%%

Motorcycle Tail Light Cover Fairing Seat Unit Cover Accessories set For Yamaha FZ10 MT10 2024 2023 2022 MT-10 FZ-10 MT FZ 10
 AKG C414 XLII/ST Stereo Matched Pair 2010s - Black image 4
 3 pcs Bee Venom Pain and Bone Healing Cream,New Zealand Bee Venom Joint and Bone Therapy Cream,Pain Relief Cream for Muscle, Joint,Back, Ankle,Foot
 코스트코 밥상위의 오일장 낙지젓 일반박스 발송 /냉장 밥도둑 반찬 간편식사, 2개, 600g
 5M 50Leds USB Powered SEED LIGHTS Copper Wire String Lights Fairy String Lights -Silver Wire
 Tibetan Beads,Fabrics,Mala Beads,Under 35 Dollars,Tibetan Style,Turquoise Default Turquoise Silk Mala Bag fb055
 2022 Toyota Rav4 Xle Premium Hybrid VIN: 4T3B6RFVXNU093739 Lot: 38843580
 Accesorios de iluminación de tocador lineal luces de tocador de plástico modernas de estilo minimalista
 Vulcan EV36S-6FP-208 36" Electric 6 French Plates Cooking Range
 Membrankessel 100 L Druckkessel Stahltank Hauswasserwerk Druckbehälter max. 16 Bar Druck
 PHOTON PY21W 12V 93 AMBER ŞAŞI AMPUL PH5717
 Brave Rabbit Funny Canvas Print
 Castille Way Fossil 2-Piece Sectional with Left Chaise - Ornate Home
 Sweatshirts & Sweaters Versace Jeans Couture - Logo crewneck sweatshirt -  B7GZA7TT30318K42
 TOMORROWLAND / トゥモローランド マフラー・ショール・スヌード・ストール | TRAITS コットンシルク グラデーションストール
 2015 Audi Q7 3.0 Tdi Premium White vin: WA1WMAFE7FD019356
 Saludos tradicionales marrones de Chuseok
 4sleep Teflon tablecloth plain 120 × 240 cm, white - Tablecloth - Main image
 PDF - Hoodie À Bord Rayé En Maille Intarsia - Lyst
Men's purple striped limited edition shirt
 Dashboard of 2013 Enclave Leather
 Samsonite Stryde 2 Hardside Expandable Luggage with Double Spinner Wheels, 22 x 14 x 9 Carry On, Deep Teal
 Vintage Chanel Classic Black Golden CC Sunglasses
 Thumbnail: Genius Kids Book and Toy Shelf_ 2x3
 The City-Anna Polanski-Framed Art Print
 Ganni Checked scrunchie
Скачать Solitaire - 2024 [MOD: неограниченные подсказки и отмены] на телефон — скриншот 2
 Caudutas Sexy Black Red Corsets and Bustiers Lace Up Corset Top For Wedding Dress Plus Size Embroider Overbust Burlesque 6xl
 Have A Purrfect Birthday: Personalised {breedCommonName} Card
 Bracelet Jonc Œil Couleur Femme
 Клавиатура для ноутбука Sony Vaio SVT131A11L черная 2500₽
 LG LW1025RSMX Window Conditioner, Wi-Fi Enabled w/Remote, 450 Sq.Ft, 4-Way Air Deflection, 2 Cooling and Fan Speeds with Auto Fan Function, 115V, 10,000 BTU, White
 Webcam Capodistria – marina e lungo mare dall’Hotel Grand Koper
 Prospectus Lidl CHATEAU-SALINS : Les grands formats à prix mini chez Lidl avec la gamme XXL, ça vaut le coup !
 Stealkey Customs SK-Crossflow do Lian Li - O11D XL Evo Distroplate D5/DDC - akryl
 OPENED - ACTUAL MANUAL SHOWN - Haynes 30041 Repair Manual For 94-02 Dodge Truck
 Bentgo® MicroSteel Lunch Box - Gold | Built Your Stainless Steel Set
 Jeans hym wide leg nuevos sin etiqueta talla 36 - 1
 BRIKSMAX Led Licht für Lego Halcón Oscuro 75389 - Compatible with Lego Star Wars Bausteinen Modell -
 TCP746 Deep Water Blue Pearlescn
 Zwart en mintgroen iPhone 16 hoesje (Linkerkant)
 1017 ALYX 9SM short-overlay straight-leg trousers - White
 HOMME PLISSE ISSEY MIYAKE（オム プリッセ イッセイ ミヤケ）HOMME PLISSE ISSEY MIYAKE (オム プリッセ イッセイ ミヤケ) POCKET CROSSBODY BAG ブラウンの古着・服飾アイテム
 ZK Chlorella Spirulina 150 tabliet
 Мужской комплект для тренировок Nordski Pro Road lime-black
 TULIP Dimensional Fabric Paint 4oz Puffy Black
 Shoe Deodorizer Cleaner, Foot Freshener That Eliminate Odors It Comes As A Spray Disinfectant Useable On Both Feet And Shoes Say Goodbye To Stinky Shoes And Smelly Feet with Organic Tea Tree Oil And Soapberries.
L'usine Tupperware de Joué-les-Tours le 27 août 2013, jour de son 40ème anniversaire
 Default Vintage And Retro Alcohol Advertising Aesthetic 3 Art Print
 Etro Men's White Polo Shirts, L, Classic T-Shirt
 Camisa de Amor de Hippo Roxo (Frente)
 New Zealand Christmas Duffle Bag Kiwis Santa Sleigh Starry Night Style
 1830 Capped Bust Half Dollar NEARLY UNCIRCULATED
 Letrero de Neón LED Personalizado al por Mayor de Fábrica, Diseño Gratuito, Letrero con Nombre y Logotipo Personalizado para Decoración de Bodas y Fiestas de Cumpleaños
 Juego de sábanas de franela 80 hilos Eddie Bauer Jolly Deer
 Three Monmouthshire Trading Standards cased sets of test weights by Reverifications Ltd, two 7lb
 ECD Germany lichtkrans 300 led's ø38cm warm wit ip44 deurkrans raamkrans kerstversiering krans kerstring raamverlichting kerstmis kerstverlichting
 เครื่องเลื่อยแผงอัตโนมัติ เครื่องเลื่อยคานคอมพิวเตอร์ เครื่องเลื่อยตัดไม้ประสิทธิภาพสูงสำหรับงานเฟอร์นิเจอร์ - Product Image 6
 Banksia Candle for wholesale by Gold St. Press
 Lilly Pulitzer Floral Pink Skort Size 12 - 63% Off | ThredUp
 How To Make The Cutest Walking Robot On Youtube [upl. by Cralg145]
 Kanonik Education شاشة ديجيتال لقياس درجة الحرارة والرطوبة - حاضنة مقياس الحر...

%%

Your objective: Set down, exactly as they stand above, the lines starting with the line with "TOMORROWLAND / トゥモローランド" and going on through the line with "Stealkey Customs SK-Crossflow", and no others.

Response area:
 TOMORROWLAND / トゥモローランド マフラー・ショール・スヌード・ストール | TRAITS コットンシルク グラデーションストール
 2015 Audi Q7 3.0 Tdi Premium White vin: WA1WMAFE7FD019356
 Saludos tradicionales marrones de Chuseok
 4sleep Teflon tablecloth plain 120 × 240 cm, white - Tablecloth - Main image
 PDF - Hoodie À Bord Rayé En Maille Intarsia - Lyst
Men's purple striped limited edition shirt
 Dashboard of 2013 Enclave Leather
 Samsonite Stryde 2 Hardside Expandable Luggage with Double Spinner Wheels, 22 x 14 x 9 Carry On, Deep Teal
 Vintage Chanel Classic Black Golden CC Sunglasses
 Thumbnail: Genius Kids Book and Toy Shelf_ 2x3
 The City-Anna Polanski-Framed Art Print
 Ganni Checked scrunchie
Скачать Solitaire - 2024 [MOD: неограниченные подсказки и отмены] на телефон — скриншот 2
 Caudutas Sexy Black Red Corsets and Bustiers Lace Up Corset Top For Wedding Dress Plus Size Embroider Overbust Burlesque 6xl
 Have A Purrfect Birthday: Personalised {breedCommonName} Card
 Bracelet Jonc Œil Couleur Femme
 Клавиатура для ноутбука Sony Vaio SVT131A11L черная 2500₽
 LG LW1025RSMX Window Conditioner, Wi-Fi Enabled w/Remote, 450 Sq.Ft, 4-Way Air Deflection, 2 Cooling and Fan Speeds with Auto Fan Function, 115V, 10,000 BTU, White
 Webcam Capodistria – marina e lungo mare dall’Hotel Grand Koper
 Prospectus Lidl CHATEAU-SALINS : Les grands formats à prix mini chez Lidl avec la gamme XXL, ça vaut le coup !
 Stealkey Customs SK-Crossflow do Lian Li - O11D XL Evo Distroplate D5/DDC - akryl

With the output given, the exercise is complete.